Seeing this when disabling javascript. What I do is allowing some scripts (the ones you want of the images), and blocking the rest. I use the uMatrix extension in FF for this. Works really nice.


----------



## ronaldlees (Nov 16, 2017)

MarcoB said:


> Seeing this when disabling javascript. What I do is allowing some scripts (the ones you want of the images), and blocking the rest. I use the uMatrix extension in FF for this. Works really nice.



Thanks for the eye-saving suggestion.  Remember those pocemon cards from about twenty years ago?  Is that what they were called? I can't remember for sure what they were named, but I wonder if it's the same kind of mechanism.  It's the site's JS that runs the enhancement, so I'd guess there's a noscript static image.   FF is not involved other than it executes the javascript.


----------



## Deleted member 30996 (Nov 16, 2017)

I googled it but had never heard of it mentioned before this, or seen it in action that I'm aware of. Do you happen to have a link that demonstrates it?

I only use XHTML and CSS on my site and only enable javaScript on sites I visit selectively.


----------



## ronaldlees (Nov 16, 2017)

I don't know if news-site links are frowned on here, but this link should demonstrate the blur ...

https://www.reuters.com/article/us-...-short-sell-japan-post-bank-cio-idUSKBN1DG18L


----------



## aragats (Nov 16, 2017)

MarcoB said:


> I use the uMatrix extension in FF


Is it better than NoScript? I do use NoScript, but not always happy with it.


----------



## Deleted member 30996 (Nov 16, 2017)

ronaldlees said:


> I don't know if news-site links are frowned on here, but this link should demonstrate the blur ...

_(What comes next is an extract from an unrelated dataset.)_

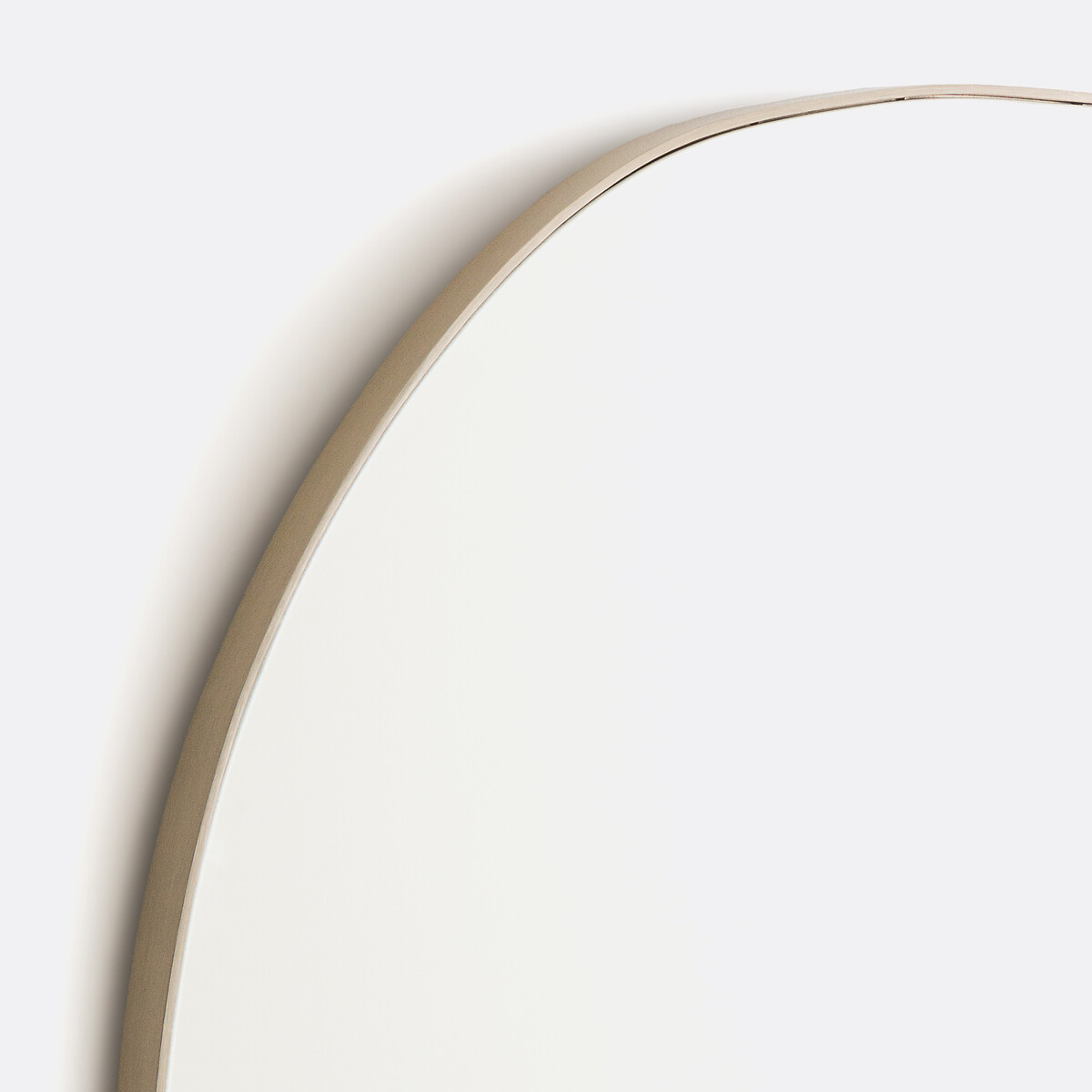 Organische vorm spiegel, lengte 58 cm, hoogte 58 cm, ORNICA messing, LA REDOUTE INTERIEURS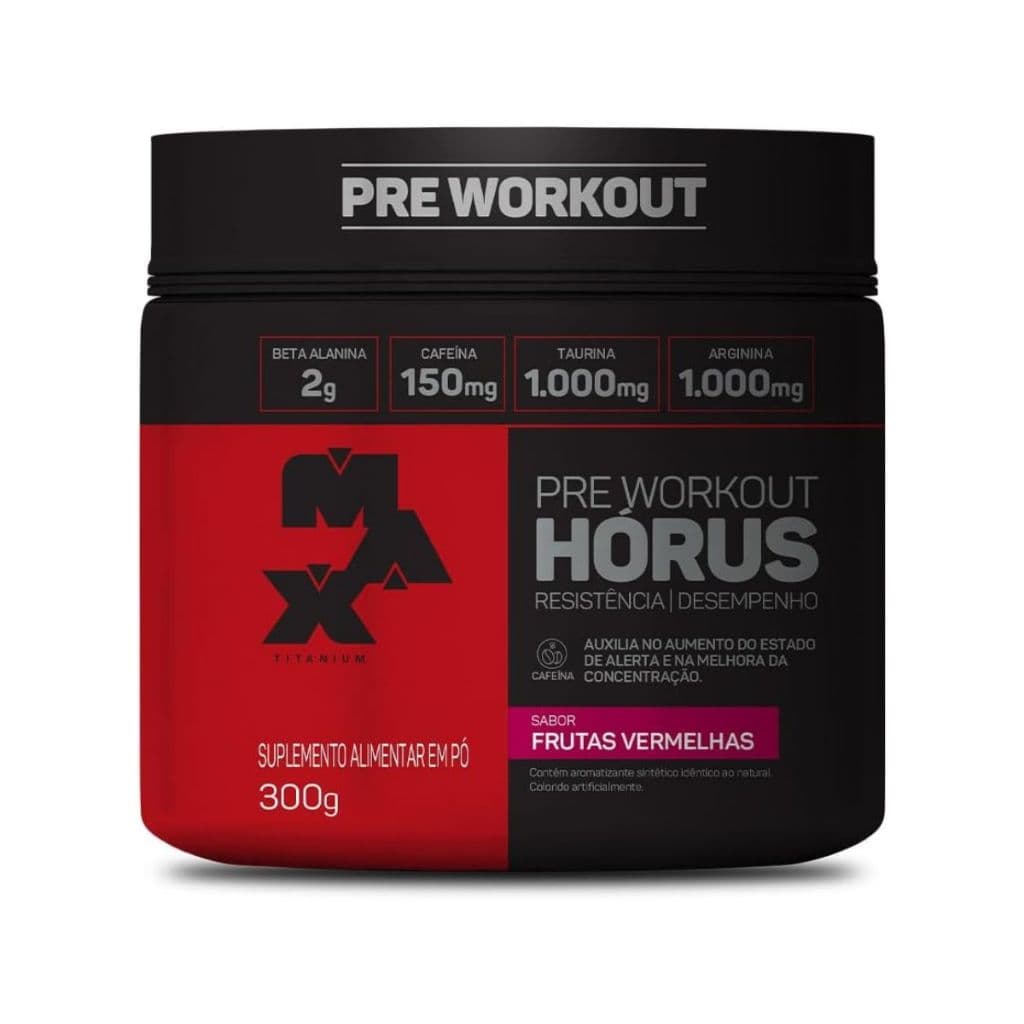 Pré Treino Max Titanium Workout Horus 300g Frutas Vermelhas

Thanks, I'd only seen images need JS enabled to appear, never blurred if it wasn't.


----------



## aragats (Nov 16, 2017)

ronaldlees said:


> this link should demonstrate the blur


Yeah, good example. I had to let _NoScript_ unblocking reuters.com to see the sharp image.
However, in WhatsApp web interface pictures are always blurred with _NoScript_, unblocking doesn't help.


----------



## MarcoB (Nov 16, 2017)

aragats said:


> Is it better than NoScript? I do use NoScript, but not always happy with it.

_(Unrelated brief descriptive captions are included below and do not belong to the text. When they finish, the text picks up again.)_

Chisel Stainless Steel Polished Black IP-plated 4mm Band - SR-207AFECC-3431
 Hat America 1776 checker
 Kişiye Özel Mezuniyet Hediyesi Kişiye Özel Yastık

I think it's easier to use, but best thing to do is just try it. uMatrix shows in a matrix (yes hence the name ), per site, which elements you want to block or allow (pics, CSS, multimedia, ads, scripts).


----------



## aragats (Nov 16, 2017)

Thanks, MarcoB ! It's really better and more flexible. I easily discovered, that e.g. WhtsApp's blurred pictures I mentioned can be fixed by unblocking XHR.


----------



## drhowarddrfine (Nov 16, 2017)

The blurred images occur because the sites download a minimum payload image to occupy the space of the page and assume a minimum capable browser and connection such as 3G on a cheap phone. They use javascript to determine the capabilities of the browser and the network connection. If they are both capable of handling a larger image, then a heavier payload image is downloaded and replaces the "blurry" one. One of many progressive enhancement techniques.


----------